Input records —
=== Begin Enclosure ===
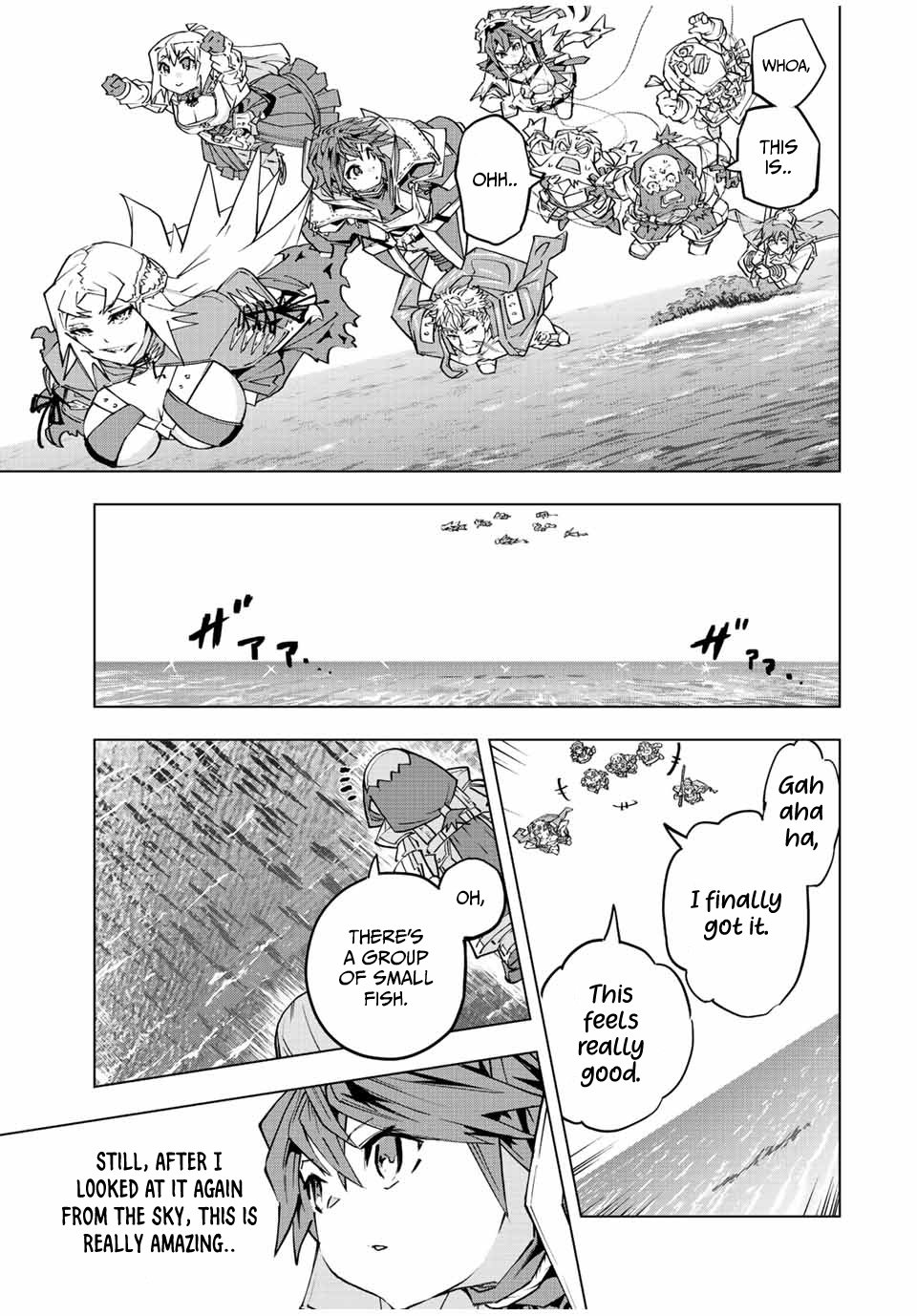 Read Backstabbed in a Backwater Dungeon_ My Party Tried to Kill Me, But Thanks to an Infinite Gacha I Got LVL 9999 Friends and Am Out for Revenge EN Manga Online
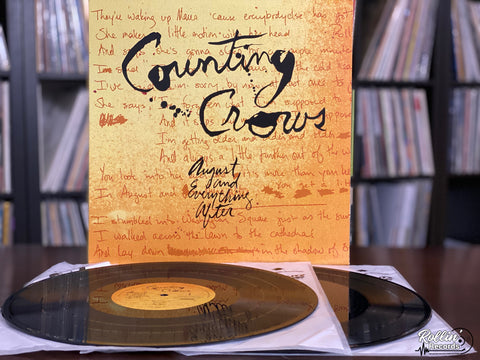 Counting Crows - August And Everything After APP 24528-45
=== End Enclosure ===
=== Begin Enclosure ===
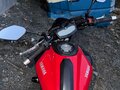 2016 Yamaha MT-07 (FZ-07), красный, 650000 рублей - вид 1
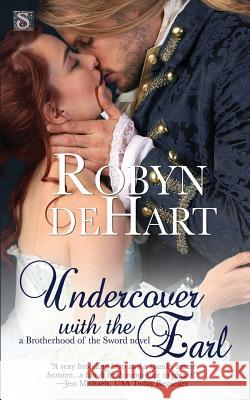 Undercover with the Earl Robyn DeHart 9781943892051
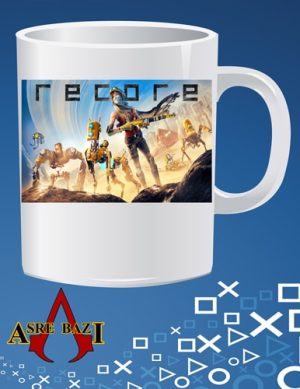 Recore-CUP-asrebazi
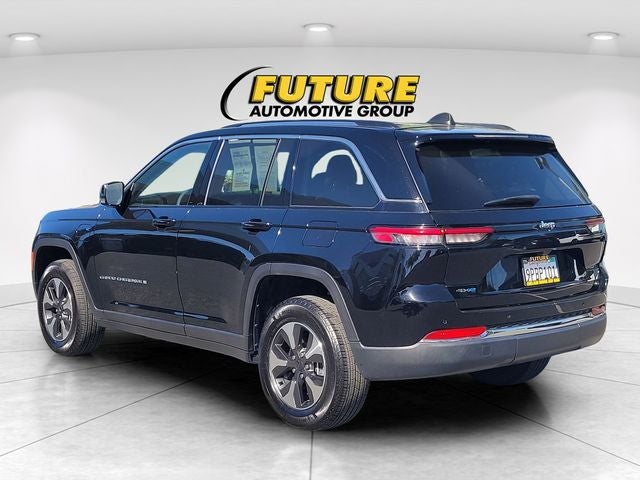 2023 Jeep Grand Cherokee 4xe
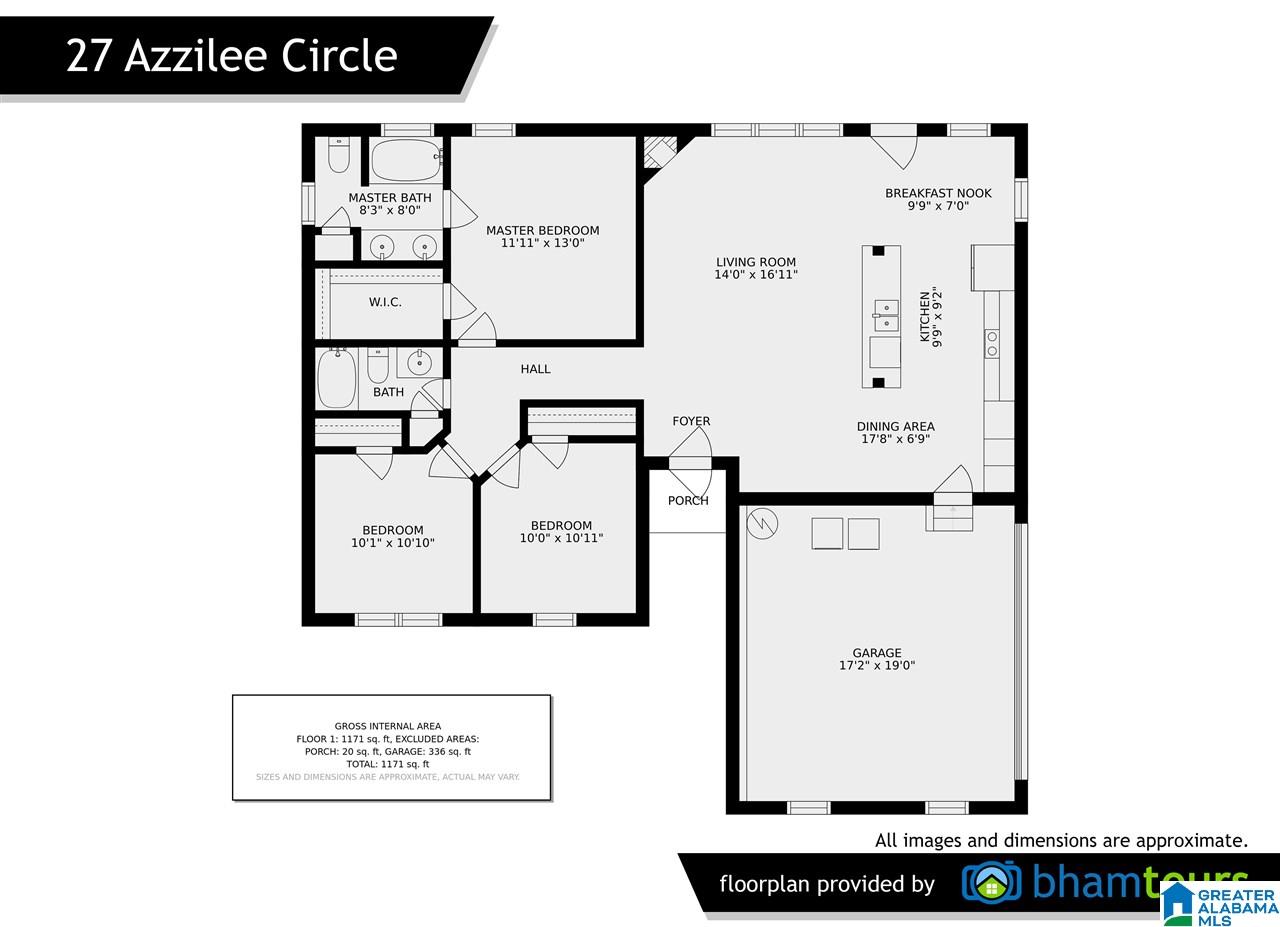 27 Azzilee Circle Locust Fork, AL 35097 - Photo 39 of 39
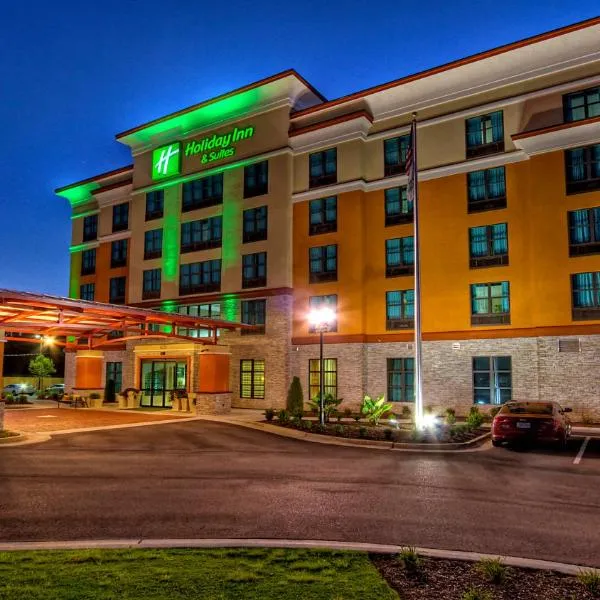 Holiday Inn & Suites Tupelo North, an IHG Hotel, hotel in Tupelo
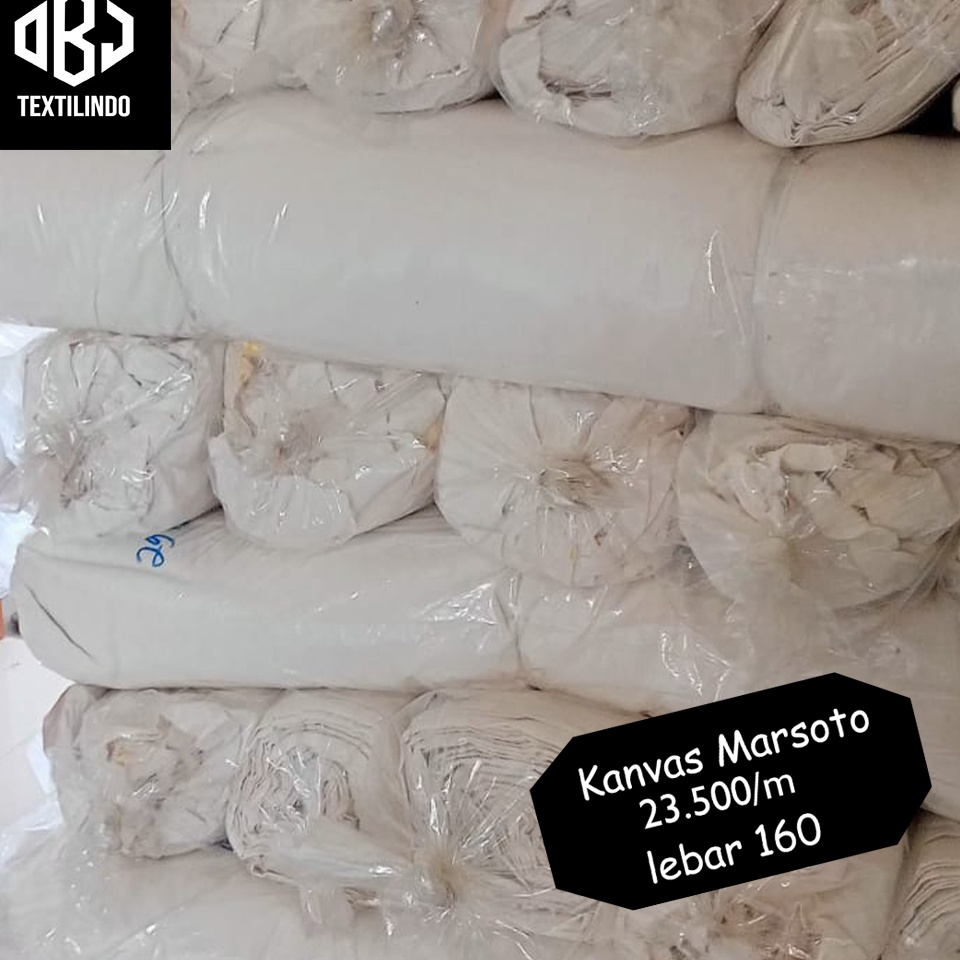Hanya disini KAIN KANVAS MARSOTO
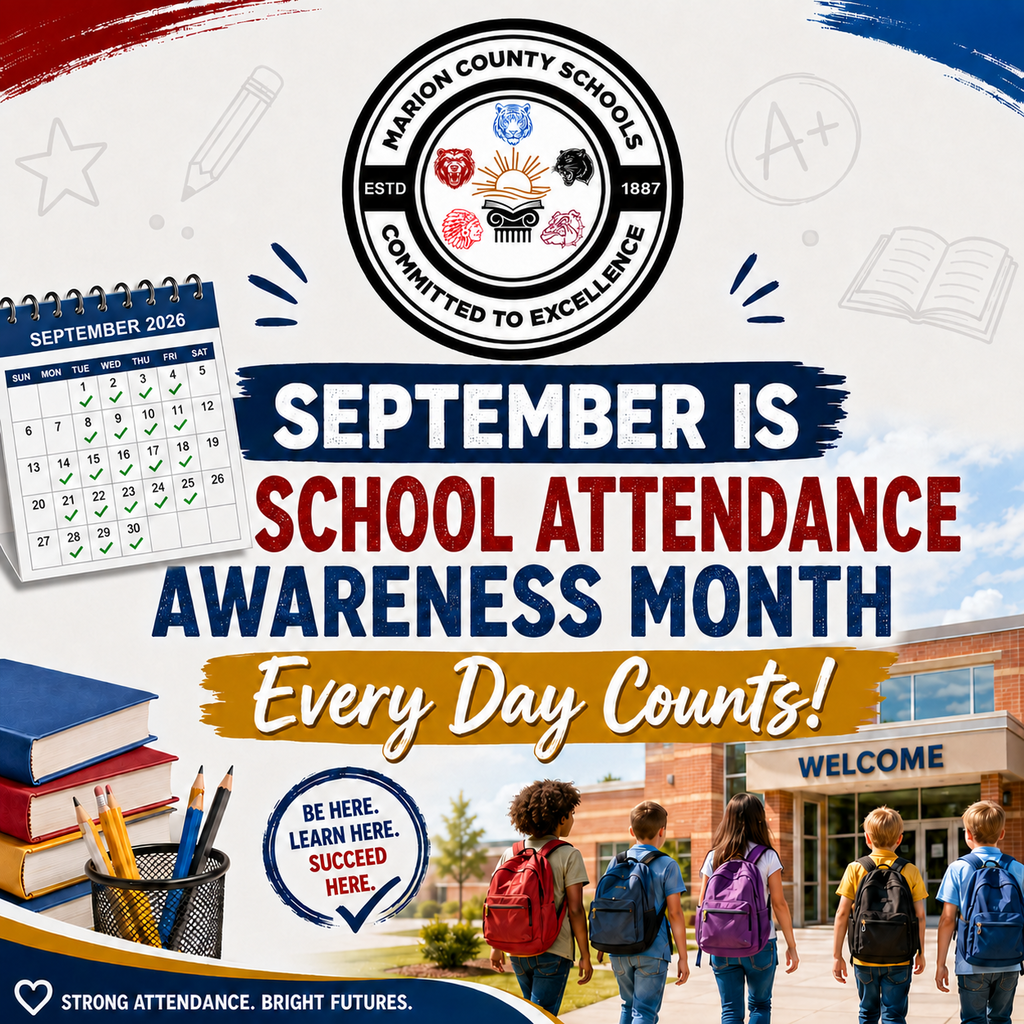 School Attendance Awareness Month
=== End Enclosure ===
Task —
Copy only the lines above from the one containing "27 Azzilee Circle" through the one containing "School Attendance Awareness Month", both included. Leave out the pictures.

Reply to the task —
 27 Azzilee Circle Locust Fork, AL 35097 - Photo 39 of 39
 Holiday Inn & Suites Tupelo North, an IHG Hotel, hotel in Tupelo
Hanya disini KAIN KANVAS MARSOTO
 School Attendance Awareness Month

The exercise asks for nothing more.